### Directions
When you copy the data, keep every word exactly as it is and leave the pictures out.

═══ Dataset content

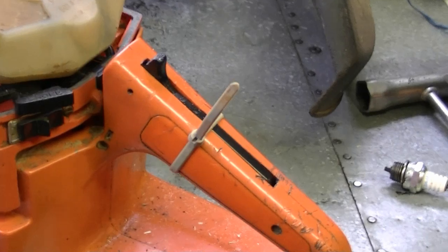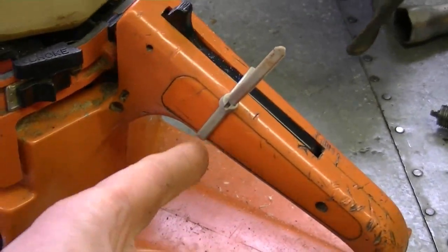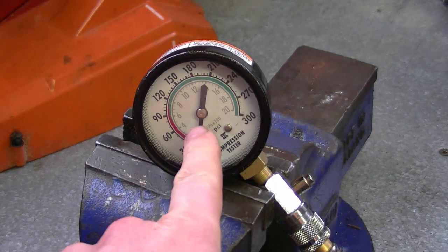What I've done is I've tie-wrapped the throttle wide open, as you can see here, and I'm going to pull it over until the needle stops going up.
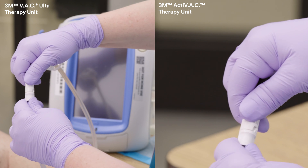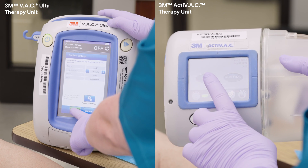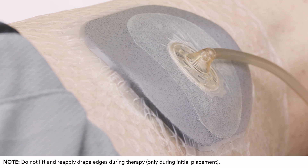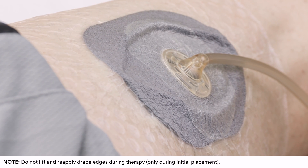Attach the tubing to the appropriate 3M VAC therapy unit and start therapy. The therapy unit should indicate a good seal. Once therapy is activated, the dressing will conform to the wound and deliver an effective seal.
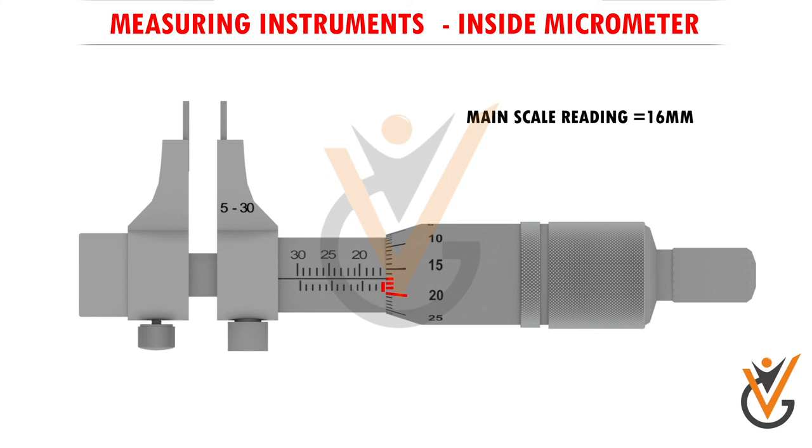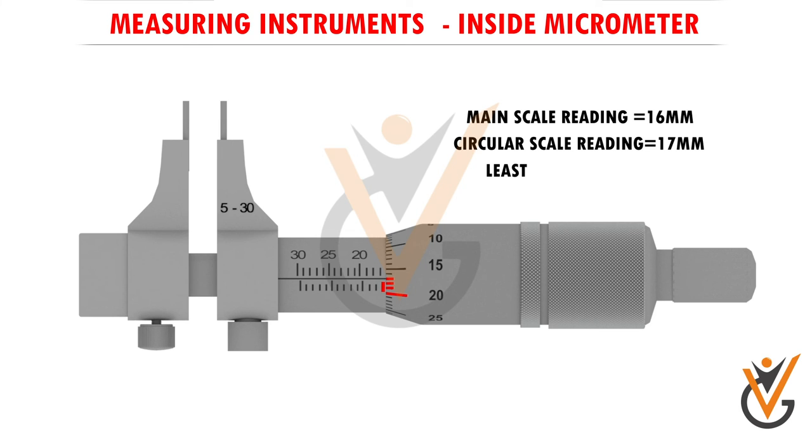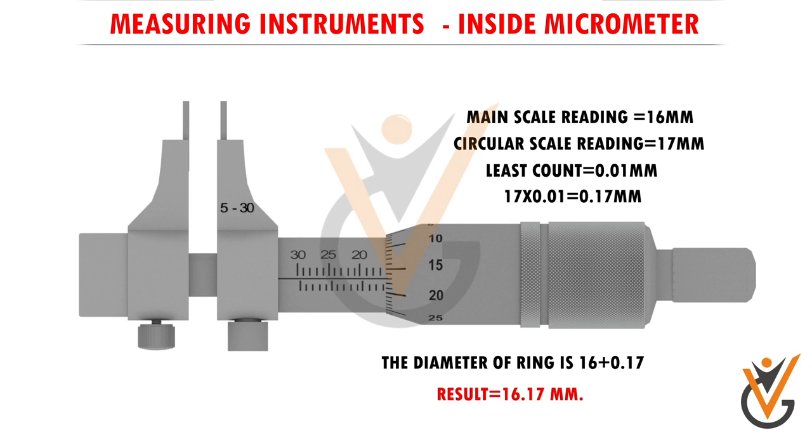So 17 millimeters is the circular scale reading. Main scale reading equals 16 millimeters, circular scale reading equals 17 millimeters, least count equals 0.01 millimeters. Circular scale reading multiplied by least count: 17 × 0.01 equals 0.17 millimeters. Therefore, the diameter of the ring is 16 plus 0.17, which equals 16.17 millimeters.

══════

### Solution below
What I've done is I've tie-wrapped the throttle wide open, as you can see here, and I'm going to pull it over until the needle stops going up.
Attach the tubing to the appropriate 3M VAC therapy unit and start therapy. The therapy unit should indicate a good seal. Once therapy is activated, the dressing will conform to the wound and deliver an effective seal.
So 17 millimeters is the circular scale reading. Main scale reading equals 16 millimeters, circular scale reading equals 17 millimeters, least count equals 0.01 millimeters. Circular scale reading multiplied by least count: 17 × 0.01 equals 0.17 millimeters. Therefore, the diameter of the ring is 16 plus 0.17, which equals 16.17 millimeters.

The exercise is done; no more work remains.